Craig Sanders wrote:
On Mon, Feb 13, 2006 at 02:34:32AM -0600, Peter Samuelson wrote:

Nothing in the SC or DFSG requires Debian to accept any software that
comes along and adheres to the letter of the DFSG.


the convention so far, though, has been "if it's free and someone can
be bothered packaging it, then it can go in the archive". this has been
argued numerous times, usually over packages like purity or the bible or
other non-technical documents. whenever it has come up, it has always
ended in "if it's free, it will be accepted", a result consistent with
maximal freedom.

As a hypothetical, if the software required Debian's FTP servers to
keep the source available for 10 years, unconditionally, we'd probably
refuse to ship that software on the grounds that that would be a PITA.
Likewise, I think that "FDL-licensed content may be DFSG-free, but
considering the practical problems it causes us, we'd rather not ship
any of it" is a consistent and reasonable position to take.

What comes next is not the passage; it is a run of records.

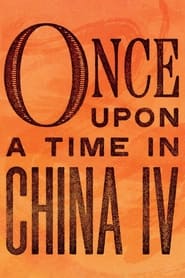 Once Upon a Time in China IV' Poster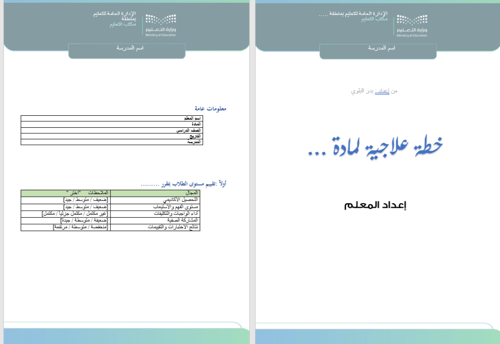 خطة التحصيل الدراسي
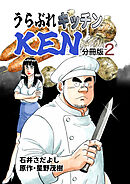 うらぶれキッチンKEN 分冊版2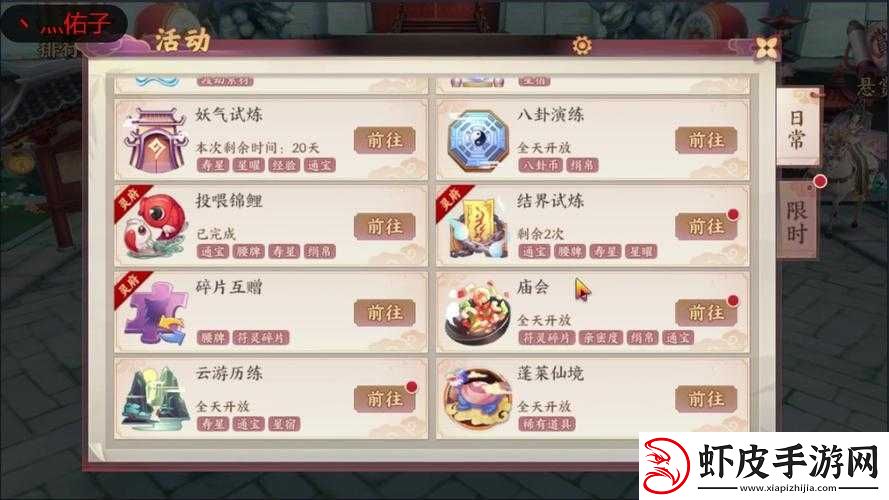 云梦四时歌全面解析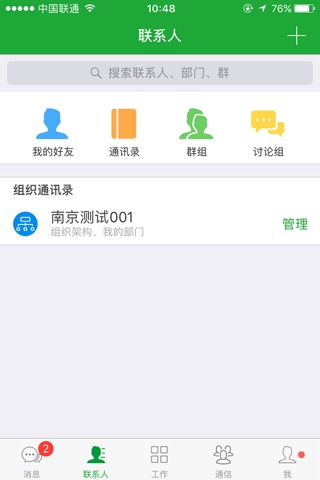 企业圈 企业互联网服务平台 screenshot 2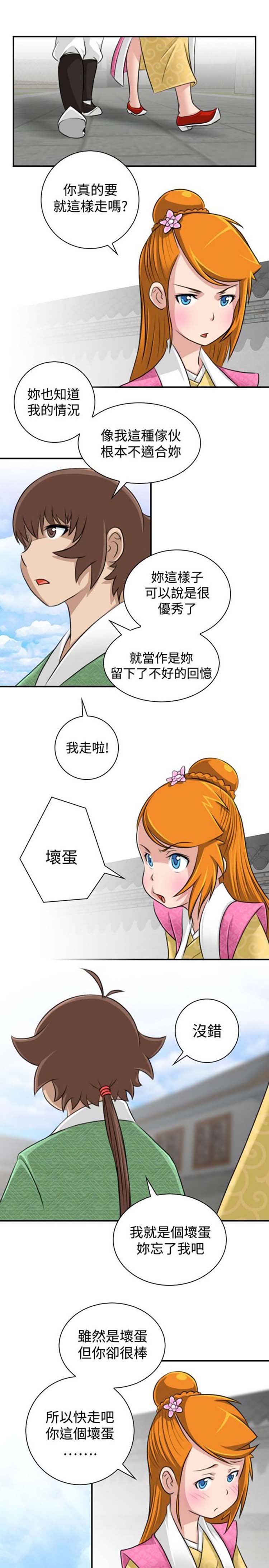性感的高手们 第13话 第17页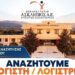 Μια θέση λογιστή / λογίστριας στο Θεραπευτήριο Ασκληπιός – Ψυχιατρική Κλινική Βέροιας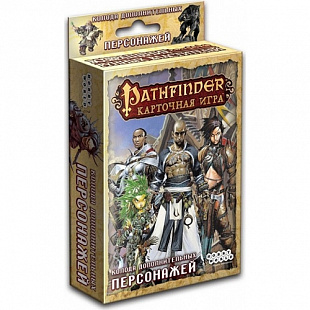 Настольная игра Hobby World Pathfinder. Колода дополнительных персонажей 1560
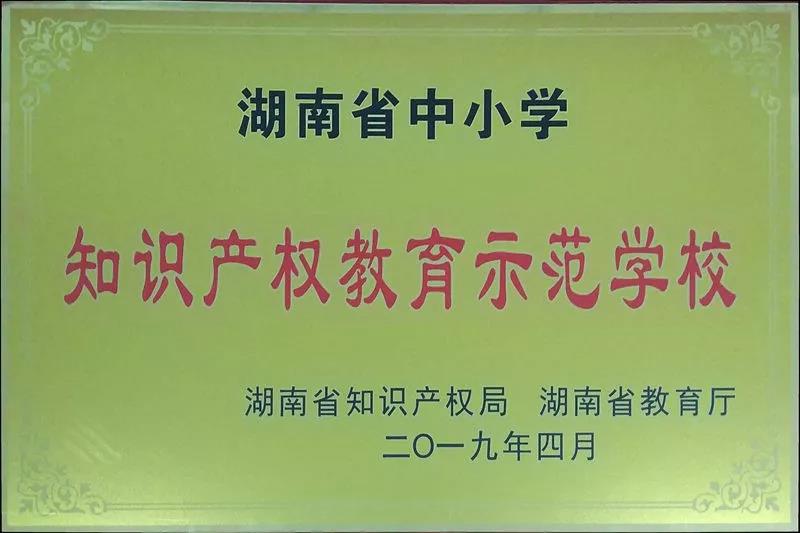 微信图片_20191204142354.jpg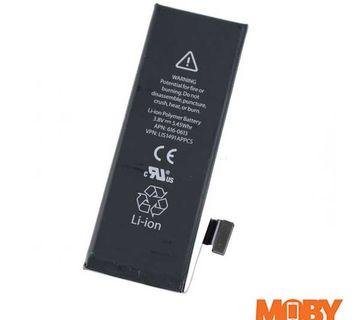 Iphone 5G originalna baterija - cover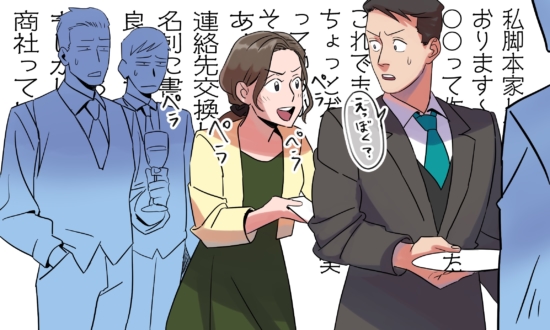 結婚パーティでの友人の“ドン引きなふるまい”…後日届いたメールにも呆れた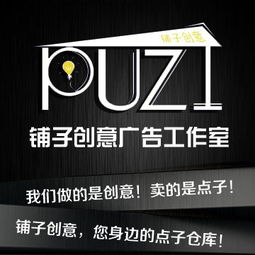 常熟鋪子圖文設(shè)計工作室 雜貨鋪里的網(wǎng)絡(luò)技術(shù)服務(wù)新生態(tài)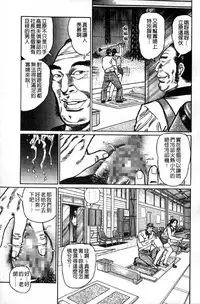 [Aoyama Kazumi] Jukujo no Seiai Monogatari | 熟女的性愛痴狂物語 [Chinese]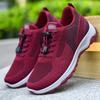 Changfengshu Women's Shoe Processing Customization New Mesh Casual Shoes Soft Sole Comfortable Single Shoes Daily Versatile Mother Shoes
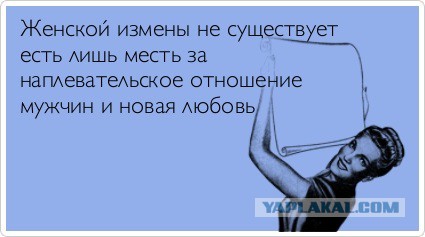 Жена изменяет? Или нет?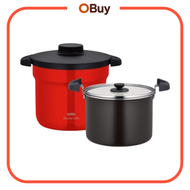 Thermos | Shuttle Chef 4.3L KBJ-4502 (Red)【Parallel Import Product】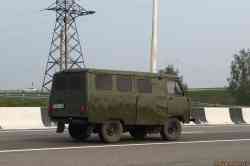 670 КБ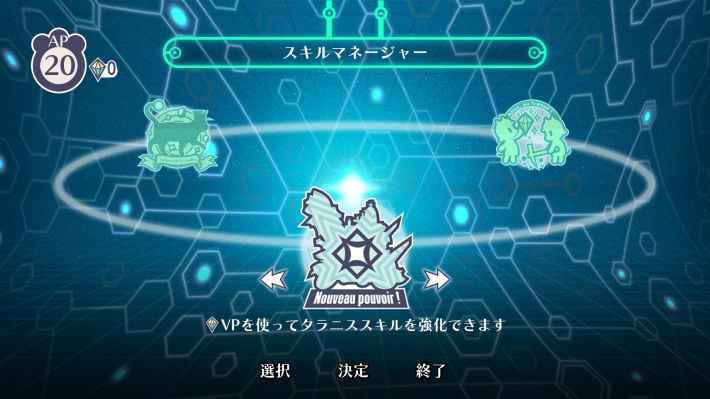 戦場のフーガ3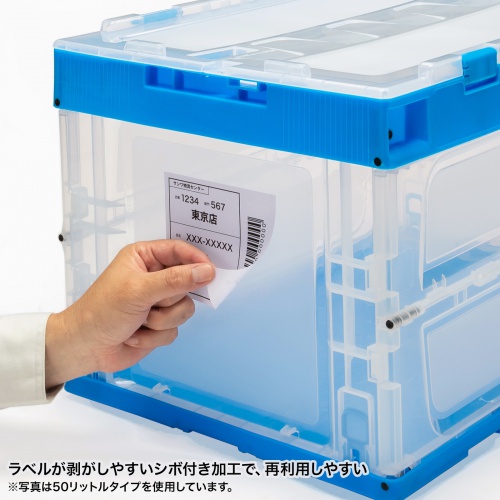 折りたたみコンテナ（75L・透明・ふた付き・総耐荷重45kg・スタッキング・シボ加工・ロック機能・大容量・収納ケース・ボックス・クリア）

perhaps so(*), but that is an ENTIRELY different issue to the question of
whether the GFDL is free or not.


(*) i don't have any particular problem with that line of argument.
i don't agree with or support it in any way, but at least it's not
dishonest. if debian wants to exclude stuff for convenience reasons,
then fair enough - but lying to pretend that the reason is that it's
non-free when it's really just inconvenient is inexcusable.

It is dishonnet because Debian will continue to ship GFDL documents in non-free which would cause the same pratical problems.

I agree that there are documents that are free but are not suited for Debian. I would agree to a policy that Debian will not ship such things such as books which are unrelated to computers (such as novels, etc...); not because they are unfree; just because this is not the purpose of Debian (I do not say however that would disagree to ship such things in Debian). Also a free but totally buggy and unusable software has not, IMHO, its place in Debian.

However the DFSG is there to juge if a license is free or not and these guidlines must be used to juge the freeness of a software. A lot of zealots in this list just invent way to reject licenses they don't like even if these complies with the DFSG; or invent some discriminations.